What to do -
Repeat the first line of the listing and each line after it, exactly, through the line containing "Welcome back to".

Dataset content -
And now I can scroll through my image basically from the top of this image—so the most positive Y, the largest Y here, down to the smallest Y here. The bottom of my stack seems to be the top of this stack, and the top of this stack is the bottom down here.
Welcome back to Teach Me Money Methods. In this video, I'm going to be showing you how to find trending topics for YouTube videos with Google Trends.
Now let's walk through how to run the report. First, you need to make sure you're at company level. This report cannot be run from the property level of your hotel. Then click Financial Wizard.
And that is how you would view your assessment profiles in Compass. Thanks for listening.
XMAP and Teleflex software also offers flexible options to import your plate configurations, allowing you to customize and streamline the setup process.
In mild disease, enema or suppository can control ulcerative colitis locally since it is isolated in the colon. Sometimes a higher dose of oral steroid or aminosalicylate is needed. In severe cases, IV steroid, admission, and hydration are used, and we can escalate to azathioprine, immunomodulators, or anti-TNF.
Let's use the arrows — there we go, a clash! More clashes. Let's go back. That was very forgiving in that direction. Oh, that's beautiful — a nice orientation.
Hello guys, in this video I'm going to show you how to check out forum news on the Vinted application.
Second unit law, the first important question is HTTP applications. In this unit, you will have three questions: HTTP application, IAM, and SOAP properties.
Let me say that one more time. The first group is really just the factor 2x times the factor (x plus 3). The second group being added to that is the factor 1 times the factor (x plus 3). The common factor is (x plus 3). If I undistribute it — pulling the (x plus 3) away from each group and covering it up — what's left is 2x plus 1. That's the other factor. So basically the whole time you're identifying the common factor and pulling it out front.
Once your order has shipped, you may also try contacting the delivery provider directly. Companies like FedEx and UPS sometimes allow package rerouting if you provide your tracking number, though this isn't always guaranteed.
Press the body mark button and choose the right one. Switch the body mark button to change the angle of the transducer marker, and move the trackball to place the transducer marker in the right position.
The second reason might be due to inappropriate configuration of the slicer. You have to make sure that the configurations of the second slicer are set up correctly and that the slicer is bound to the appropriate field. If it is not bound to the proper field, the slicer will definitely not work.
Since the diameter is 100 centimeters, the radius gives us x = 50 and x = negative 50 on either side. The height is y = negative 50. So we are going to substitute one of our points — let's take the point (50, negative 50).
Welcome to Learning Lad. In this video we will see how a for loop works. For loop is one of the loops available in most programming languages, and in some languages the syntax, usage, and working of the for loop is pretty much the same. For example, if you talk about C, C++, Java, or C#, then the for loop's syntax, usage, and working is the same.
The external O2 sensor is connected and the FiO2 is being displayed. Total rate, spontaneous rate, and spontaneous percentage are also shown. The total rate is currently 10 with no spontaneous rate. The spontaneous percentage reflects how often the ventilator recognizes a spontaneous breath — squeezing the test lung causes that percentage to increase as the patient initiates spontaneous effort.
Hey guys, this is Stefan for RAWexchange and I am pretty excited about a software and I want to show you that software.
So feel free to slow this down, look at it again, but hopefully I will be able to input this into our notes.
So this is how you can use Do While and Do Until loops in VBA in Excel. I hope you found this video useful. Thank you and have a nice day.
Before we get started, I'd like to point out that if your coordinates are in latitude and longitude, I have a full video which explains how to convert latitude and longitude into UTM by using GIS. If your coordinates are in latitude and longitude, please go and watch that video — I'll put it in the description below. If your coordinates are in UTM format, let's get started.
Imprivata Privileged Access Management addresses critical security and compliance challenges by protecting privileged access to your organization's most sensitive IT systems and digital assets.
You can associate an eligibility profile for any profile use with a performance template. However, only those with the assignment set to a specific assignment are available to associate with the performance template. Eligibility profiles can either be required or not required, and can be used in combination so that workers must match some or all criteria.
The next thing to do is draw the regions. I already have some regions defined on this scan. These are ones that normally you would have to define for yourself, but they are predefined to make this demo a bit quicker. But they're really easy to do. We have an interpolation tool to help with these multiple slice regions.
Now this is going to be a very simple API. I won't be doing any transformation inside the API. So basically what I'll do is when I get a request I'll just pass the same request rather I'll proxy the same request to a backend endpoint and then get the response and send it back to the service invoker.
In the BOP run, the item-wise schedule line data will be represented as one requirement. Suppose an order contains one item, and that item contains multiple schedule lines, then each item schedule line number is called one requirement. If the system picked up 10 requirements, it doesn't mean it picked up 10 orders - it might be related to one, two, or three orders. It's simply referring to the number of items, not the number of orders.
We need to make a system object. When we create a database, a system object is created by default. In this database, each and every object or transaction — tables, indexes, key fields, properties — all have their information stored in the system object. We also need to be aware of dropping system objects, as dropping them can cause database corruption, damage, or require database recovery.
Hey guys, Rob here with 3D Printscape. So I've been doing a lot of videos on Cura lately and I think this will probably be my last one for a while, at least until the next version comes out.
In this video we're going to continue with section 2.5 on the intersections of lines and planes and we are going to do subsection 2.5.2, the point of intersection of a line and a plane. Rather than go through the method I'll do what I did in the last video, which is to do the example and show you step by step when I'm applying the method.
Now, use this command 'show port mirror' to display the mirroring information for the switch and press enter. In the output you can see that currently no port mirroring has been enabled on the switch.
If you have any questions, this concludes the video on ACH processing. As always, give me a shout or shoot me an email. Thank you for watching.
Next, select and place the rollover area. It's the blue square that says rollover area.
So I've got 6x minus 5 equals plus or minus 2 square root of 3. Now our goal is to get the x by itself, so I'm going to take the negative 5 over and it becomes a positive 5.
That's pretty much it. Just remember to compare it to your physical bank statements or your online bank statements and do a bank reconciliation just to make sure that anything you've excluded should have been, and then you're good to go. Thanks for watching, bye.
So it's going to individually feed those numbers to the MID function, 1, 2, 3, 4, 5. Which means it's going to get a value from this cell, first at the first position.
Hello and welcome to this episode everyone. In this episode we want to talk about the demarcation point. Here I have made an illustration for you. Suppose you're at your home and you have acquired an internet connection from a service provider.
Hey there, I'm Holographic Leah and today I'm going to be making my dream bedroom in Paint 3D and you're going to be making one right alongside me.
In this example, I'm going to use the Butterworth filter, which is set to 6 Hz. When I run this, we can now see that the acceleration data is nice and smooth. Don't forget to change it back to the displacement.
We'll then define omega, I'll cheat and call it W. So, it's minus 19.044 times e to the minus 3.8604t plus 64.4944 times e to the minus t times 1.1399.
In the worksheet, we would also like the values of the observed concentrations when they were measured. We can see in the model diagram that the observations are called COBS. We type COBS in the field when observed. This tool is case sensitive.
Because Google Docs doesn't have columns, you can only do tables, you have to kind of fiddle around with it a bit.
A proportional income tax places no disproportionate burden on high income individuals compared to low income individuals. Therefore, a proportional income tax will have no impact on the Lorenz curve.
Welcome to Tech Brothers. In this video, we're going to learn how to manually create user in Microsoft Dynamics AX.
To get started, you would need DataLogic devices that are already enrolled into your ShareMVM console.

Exercise answer -
And now I can scroll through my image basically from the top of this image—so the most positive Y, the largest Y here, down to the smallest Y here. The bottom of my stack seems to be the top of this stack, and the top of this stack is the bottom down here.
Welcome back to Teach Me Money Methods. In this video, I'm going to be showing you how to find trending topics for YouTube videos with Google Trends.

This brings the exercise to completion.